We came, we saw, we ate fried food.

So, I know—everyone is waiting for the “Orange County Fair” report, and in fact, I have just uploaded all the photos.  Maybe it took me three days to get over my fried food hangover.  Maybe I was just really busy.  Maybe I was Zicam-ing the holy hell out of myself to not get a cold I felt coming on.  At any rate, we’re doing the whole “Orange County Fair Redux” for the podcast, so maybe that will be motivation for you to start listening.

Until then, here are some highlights.  Why is it that fair makes it so you have an endless appetite (AND capacity) for fried food?    Just to end the suspense, none of us are dead from a heart attack, so it’s probably safe to eat 4,000 calories in one sitting once a year or so.  Ask your doctor, I bet he agrees.

Funnel_2 Here are two funnel cakes that we ate.  This was early in the “mass food consumption,” as you can see because it’s still light out.  At this point (between the four of us) I think we’ve had pulled pork, brisket, a big turkey leg, a hamburger, and some beans and coleslaw, so it’s only fitting that we would want to top that off with forty pounds of fried dough and whipped cream, right?

After this we met up with Lisa and Brian, who were already drinking beer and eating fried artichokes.  So, add that to the total calorie count, if you’re keeping track.  Oh, on the way to go meet them, Stephan and Rob had more beer and a tri-tip sandwich. 

Oreo_3 Here are some fried Oreos that we made Stephan eat.  While we watched, we had ice cream in a waffle cone and also watched some Chinese acrobats that might have been fourteen years old. 

Oh!  But wait!  We went there to see a concert.    As soon as we walked in, Rob looked at the stage and said “Which one is Yaz?,” so we knew he’d fit right in. 

Rob_2

Here he is, pretending to shoot himself in the head with an electronica gun.

Butler_2 Here is a photo of Richard Butler from the Psychedelic Furs, enlarged on the Jumbo-Tron.  In case you’re wondering, yes, they played “Pretty in Pink” and “Love My Way,” and yes, Richard Butler sounds exactly the same.  But—whoooo boy!  The close-up does not lie.  That man is, like, 60 years old.  This made us all feel old. 
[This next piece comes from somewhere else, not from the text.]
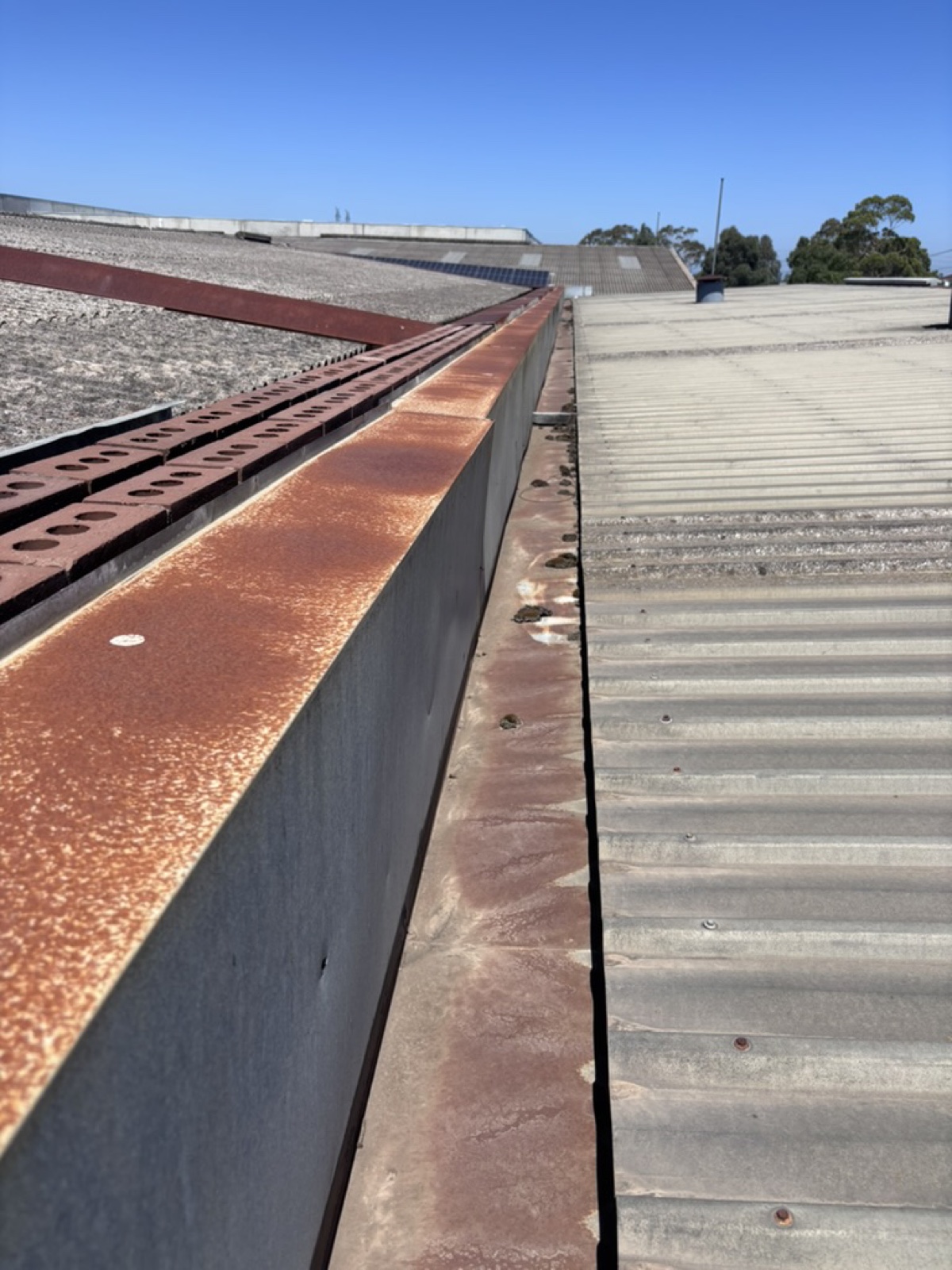 Severely rusted commercial box gutter beside corrugated metal roof — replacement needed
Next up—Yaz reunion!  Apparently they were only really a band from 1981-83 and they only made two albums, both of which Stephan knew all the words to.  Does that make him gay?  Here is a photo of his hand, indicating which beer he’s on for the evening.Beer_2   This was right before a man walked by with cotton candy, and we bought some and ate it, just to prove that we could.


We will have the full audio report up tomorrow.  You can also look at the photostream on Flickr if you’re dying for more!  Oh, the O.C. Fair is still on until August , in case you decide that you really can’t live without some of that barbequed corn and a fried Twinkie. 

Oh, also, I saw a sheep and a pig, both of which had huge testicles.  Is that wrong to say?    It wasn’t a freak show or anything—just a coincidence.